Simultaneous use with other NSAIDs, hepatic porphyria (exacerbation), erosive-ulcerative diseases of the gastrointestinal tract in the acute phase (including ulcerative colitis, Crohn’s disease), severe liver and kidney dysfunction (creatinine clearance less than 30 ml/min), blood clotting disorders (including hemophilia, prolonged bleeding time, tendency to bleed, hemorrhagic diathesis); chronic heart failure, elderly age, condition after coronary artery bypass surgery, confirmed hyperkalemia, children aged 6 to 12 years, I-II trimesters of pregnancy.

Use in Pregnancy and Lactation

Use during pregnancy and breastfeeding is contraindicated.

Indometacin is excreted in small amounts in breast milk.

Use in Hepatic Impairment

Use with caution in patients with severe liver dysfunction.

Use in Renal Impairment

Use with caution in patients with severe renal impairment (creatinine clearance less than 30 ml/min).

Pediatric Use

Contraindicated in children under 6 years of age.

Geriatric Use

Use with caution in elderly patients.

Special Precautions

The preparation for external use should be applied only to intact skin areas; avoid contact with eyes and mucous membranes.

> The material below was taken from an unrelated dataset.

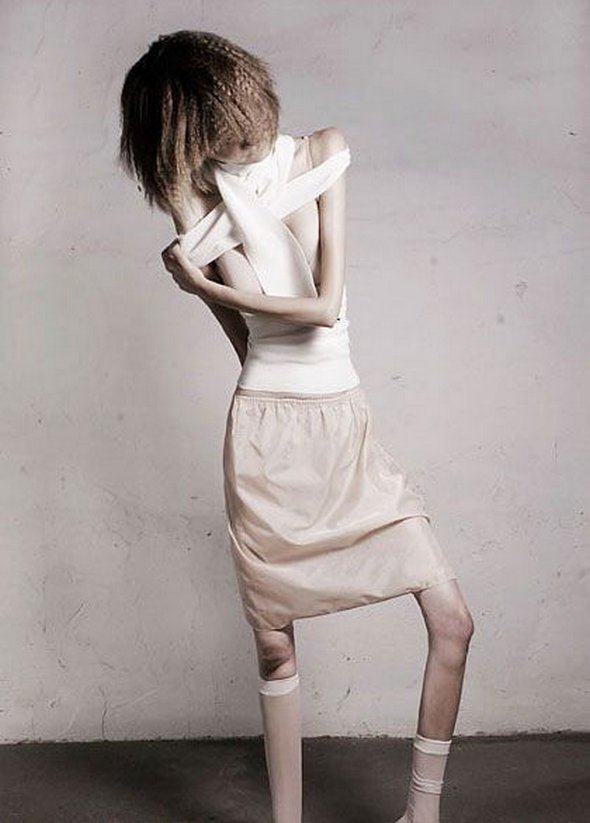 Anorexic Models don’t Always Look Like Models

With prolonged therapy (more than 10 days), a doctor’s consultation is necessary, as well as monitoring of blood counts (determination of the number of leukocytes and platelets).

Do not use with occlusive dressings.

Drug Interactions

The effect of indometacin is enhanced when combined with glucocorticosteroids and pyrazolone derivatives.

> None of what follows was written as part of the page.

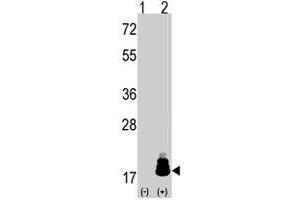 Western blot analysis of EIF4EBP1 (arrow) using rabbit EIF4EBP1 polyclonal antibody . (eIF4EBP1 Antikörper  (Thr69))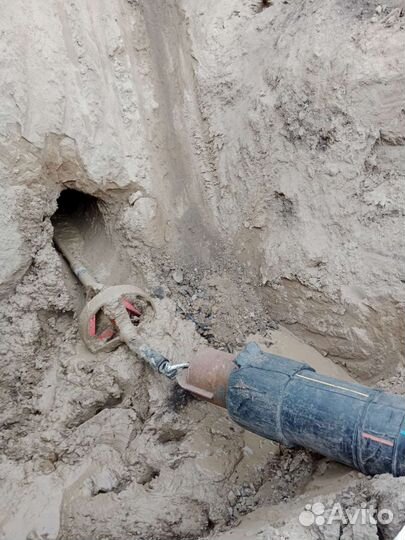 Г Н Б -прокол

Simultaneous use with glucocorticosteroids leads to an increase in their ulcerogenic effect.

It may enhance the effect of drugs that cause photosensitization.

Storage Conditions

Store at 2°C (36°F) to 15°C (59°F). Keep in original packaging, protected from light. Keep out of reach of children.

Dispensing Status

Over-the-Counter

Important Safety Information

This information is for educational purposes only and does not replace professional medical advice. Always consult your doctor before use. Dosage and side effects may vary. Use only as prescribed.